EndofSummer · 12/05/2018 16:02

Thanks flamingo and queen that’s all very true.
Mistress I can’t even go on a day out or holiday or even sleep at night without it being around what DSDs want. If they message then call at 1am about ants (in their mothers house) or want to ignore DS and me I’m supposed to swallow it and be a martyr to it all.

I totally get DSDs and DH need a good relationship, totally, including time together, calls, messages. I support this. It’s the balance that is out of kilter and that is my business. I’ve tried for years to play fair, just get on with it, make the best of it. I’ve had enough and have booked a holiday for me and DS. I can choose to take myself and DS out of this bad dynamic and I will. Hopefully DH might get counseling or think things through a bit more. So sad really, there is plenty of room for all of us to function fine, but I won’t do it at such great cost to both DS and me.

OP posts:
QueenOfIce · 12/05/2018 16:19

And what about the ops son, her dh son should he play second fiddle because his other 2 came first? The double standards on this board is astounding sometimes.

The op has every right to feel the way she feels don't invalidate how she feels by telling her to get over it, stay out of it mind your own business.
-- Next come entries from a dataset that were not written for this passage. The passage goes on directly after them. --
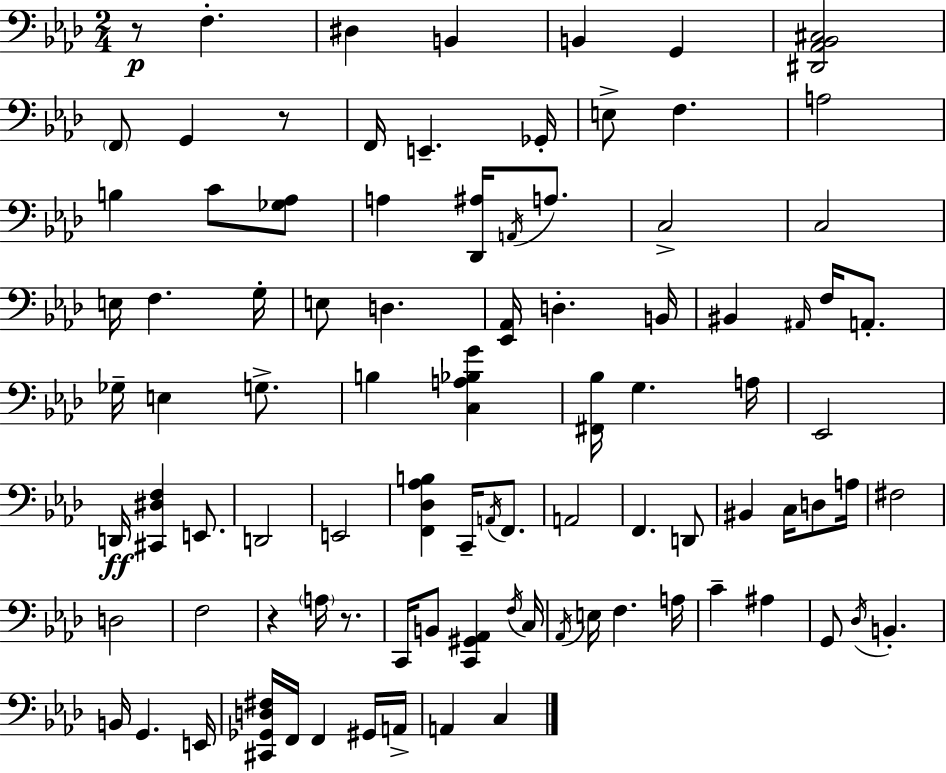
R/e F3/q. D#3/q B2/q B2/q G2/q [D#2,Ab2,Bb2,C#3]/h F2/e G2/q R/e F2/s E2/q. Gb2/s E3/e F3/q. A3/h B3/q C4/e [Gb3,Ab3]/e A3/q [Db2,A#3]/s A2/s A3/e. C3/h C3/h E3/s F3/q. G3/s E3/e D3/q. [Eb2,Ab2]/s D3/q. B2/s BIS2/q A#2/s F3/s A2/e. Gb3/s E3/q G3/e. B3/q [C3,A3,Bb3,G4]/q [F#2,Bb3]/s G3/q. A3/s Eb2/h D2/s [C#2,D#3,F3]/q E2/e. D2/h E2/h [F2,Db3,Ab3,B3]/q C2/s A2/s F2/e. A2/h F2/q. D2/e BIS2/q C3/s D3/e A3/s F#3/h D3/h F3/h R/q A3/s R/e. C2/s B2/e [C2,G#2,Ab2]/q F3/s C3/s Ab2/s E3/s F3/q. A3/s C4/q A#3/q G2/e Db3/s B2/q. B2/s G2/q. E2/s [C#2,Gb2,D3,F#3]/s F2/s F2/q G#2/s A2/s A2/q C3/q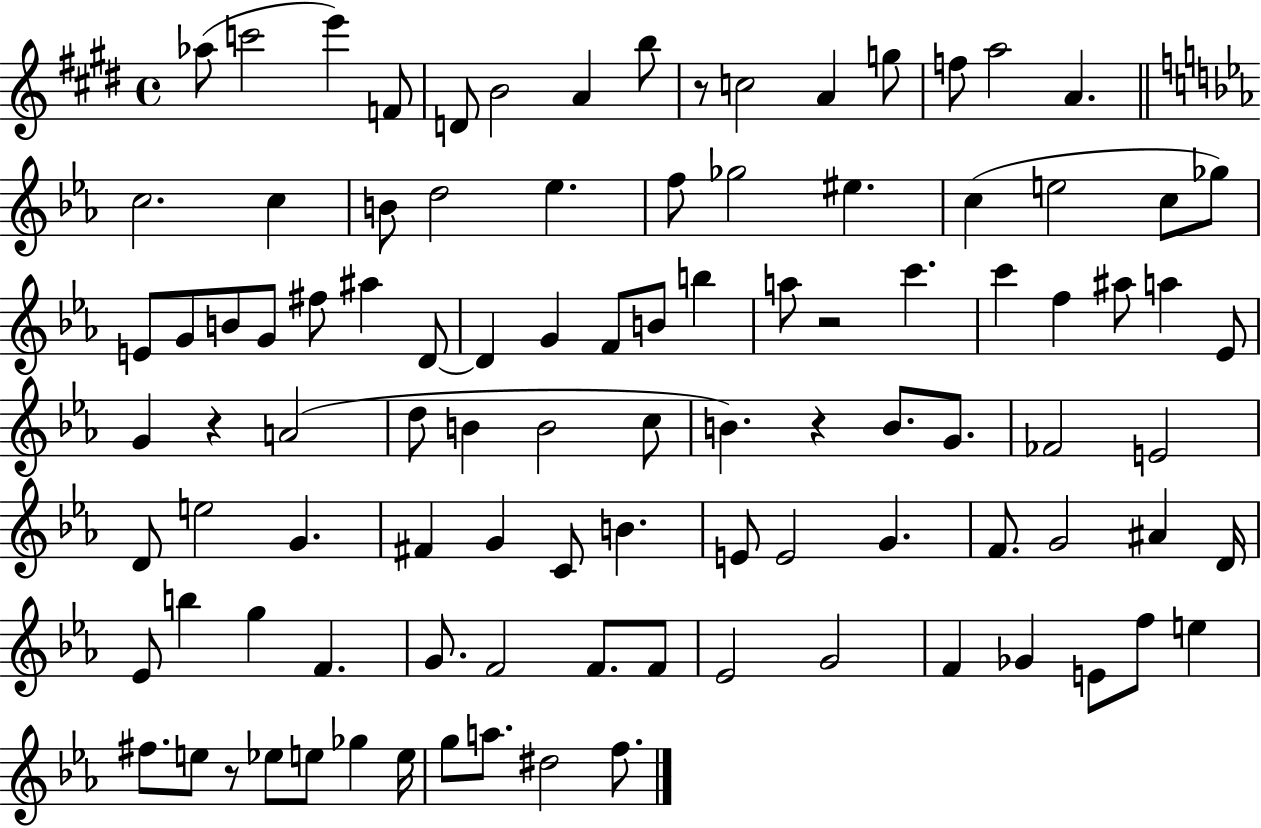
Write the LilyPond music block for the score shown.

{
  \clef treble
  \time 4/4
  \defaultTimeSignature
  \key e \major
  aes''8( c'''2 e'''4) f'8 | d'8 b'2 a'4 b''8 | r8 c''2 a'4 g''8 | f''8 a''2 a'4. | \break \bar "||" \break \key ees \major c''2. c''4 | b'8 d''2 ees''4. | f''8 ges''2 eis''4. | c''4( e''2 c''8 ges''8) | \break e'8 g'8 b'8 g'8 fis''8 ais''4 d'8~~ | d'4 g'4 f'8 b'8 b''4 | a''8 r2 c'''4. | c'''4 f''4 ais''8 a''4 ees'8 | \break g'4 r4 a'2( | d''8 b'4 b'2 c''8 | b'4.) r4 b'8. g'8. | fes'2 e'2 | \break d'8 e''2 g'4. | fis'4 g'4 c'8 b'4. | e'8 e'2 g'4. | f'8. g'2 ais'4 d'16 | \break ees'8 b''4 g''4 f'4. | g'8. f'2 f'8. f'8 | ees'2 g'2 | f'4 ges'4 e'8 f''8 e''4 | \break fis''8. e''8 r8 ees''8 e''8 ges''4 e''16 | g''8 a''8. dis''2 f''8. | \bar "|."
}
His kids are adults and by now should be aware that the world doesn't revolve around them. Is everyone on here telling the op to suck it up saying they would be delighted to receive a phone call at 1am about ants or something else that as adults (and living with their other parent) should be able to sort themselves? Is that it once you have children you have to be at their beck and call 24/7 no matter what? Please.

I really wish that those who aren't step parents would fuck off from this board because it's hard work juggling everyone's feelings and doing you're best to make sure you get the balance right often with little or no thanks. Parents who have not had the pleasure of being a blended family don't have the foggiest. Op isn't asking for your criticisms or an assassination of her character or marriage.

Give the lady some support ffs. Angry

myfriendbob · 12/05/2018 16:21

And what about the ops son, her dh son should he play second fiddle because his other 2 came first? The double standards on this board is astounding sometimes

It's his father that owes him and who is treating him badly. His half sisters don't owe him anything and are not the problem.

As usual, women blame other women for the problems their men are creating.

QueenOfIce · 12/05/2018 16:26

Yes my that is what I was saying, should the ops son play second fiddle to his dads other kids.

EndofSummer · 12/05/2018 16:57

I’d say DSDs and DH are both the problem, it hurts me and DS just as much. I don’t owe people, that’s not how relationships work, however I do feel that I treat my DSDs and DH with respect, acknowledgement and care. (Well apart from the usual pick your pants off the floor to DH!) I do want the same back, and anything less is conflictual and antagonistic. From both.

OP posts:
MistressDeeCee · 12/05/2018 17:24

As usual, women blame other women for the problems their men are creating

So true.

EndofSummer · 12/05/2018 18:42

I agree @mistress so many people blame step mothers for everything and tell them to mind their own business while they are at it.